Jazmine Barnes, a 7-year-old black girl, was buried this week in Harris County, Texas. She was fatally shot while sitting in the car with her mother and siblings on the morning of Dec. 30.

Initial reports stated that the shooter was a white man. Those reports led to a national outcry that this was a racially motivated attack. Activists and politicians demanded that the shooting be investigated as a hate crime. But in the days since the shooting, deputies in Harris County have charged two black men in relation to the shooting.

Gene Demby spoke to David Greene of Morning Edition about what this incident reveals about the current landscape of race and violence in the United States.

The interview has been edited and condensed.

David Greene: Could you walk us through the timeline of events in this story?
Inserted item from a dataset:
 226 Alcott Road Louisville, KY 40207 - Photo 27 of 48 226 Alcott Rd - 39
Gene Demby: Jazmine Barnes was in a car with her mother and three sisters on Dec. 30 near a Walmart when shots rang out. Her mother was shot in the arm but survived. But Jazmine, who was 7, was shot in the head and died at the scene. The other girls in the car during the shooting said the gunshots came from a red pickup truck driven by a white male. And The New York Times reports that there was another still unsolved shooting in 2017 in the same area that witnesses say was committed by a white man in a Ford pickup.

So that, in combination with a police sketch of the suspect, created a real fear that this was a racially motivated attack.
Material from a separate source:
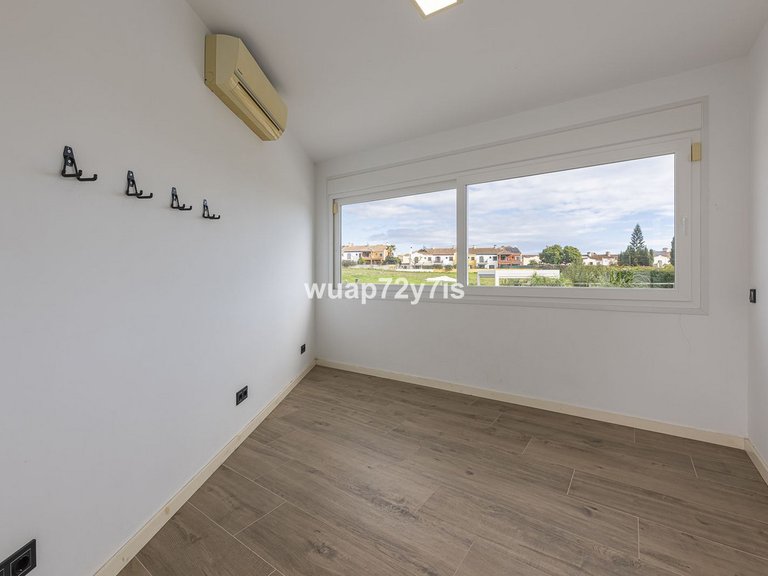 Villa for Sale in Guadalmina Alta, Malaga 40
But we now know that the suspected shooter was black

Right. This week, the police have charged two suspects, Larry Woodruffe, the alleged shooter, and Eric Black Jr., the alleged driver. The police say they think the shooting was a case of mistaken identity. Eric Black and the alleged shooter, they say, were trying to retaliate against someone they had gotten into an argument with earlier, and they misidentified the car Jazmine Barnes was in.

The police said that they believe that both the white male and the red pickup the girls in the car saw were real, but probably belonged to an innocent bystander who sped away during the confusion of the shooting.
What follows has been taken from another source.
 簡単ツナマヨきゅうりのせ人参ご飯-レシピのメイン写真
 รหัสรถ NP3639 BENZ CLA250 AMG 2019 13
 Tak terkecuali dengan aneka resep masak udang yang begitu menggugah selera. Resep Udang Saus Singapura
What did race have to do with this story capturing national attention?

In the days after the shooting and before the arrests, Shaun King, an activist who is very prominent on social media, offered a $100,000 reward for information leading to the suspect's arrest and helped publicize the police sketch of the presumed white suspect. During that same period, Sheila Jackson Lee, a congresswoman from Houston, called Barnes' killing a hate crime.

The context here is important. Remember, it was only two decades ago that a black man named James Byrd Jr. was lynched by white supremacists about two hours away from Harris County. That killing helped fuel federal hate crime legislation. More recently, there was the mass shooting by a white supremacist at a historic black church in 2015 in South Carolina, and the fatal car attack by a white nationalist in Charlottesville in [2017]. The FBI said in a report last fall that hate crimes were up 17 percent in 2017 — the third straight year that hate crimes went up. So the suspicions that this was a racially motivated attack, even though they were wrong, are based in this very real trendline around interracial violence.

If this suspect were identified as black from the beginning, how might that have changed this story?

Crimes with both black victims and black perpetrators tend not to make national news. Just two weeks before Jazmine Barnes was shot, another 7-year-old in Harris County was seriously injured in a drive-by shooting. When these crimes do bubble up to this level, it's usually invoked to wave away concerns around structural racism or police violence — you know, concern-trolling like, "Well, what about black-on-black crime?"

There are sadly a lot of Jazmine Barneses in America, and lots of neighborhood rallies and memorials for slain little kids like her. It's telling that the relatively less common instance is one of a very few conditions in which those deaths would garner national coverage.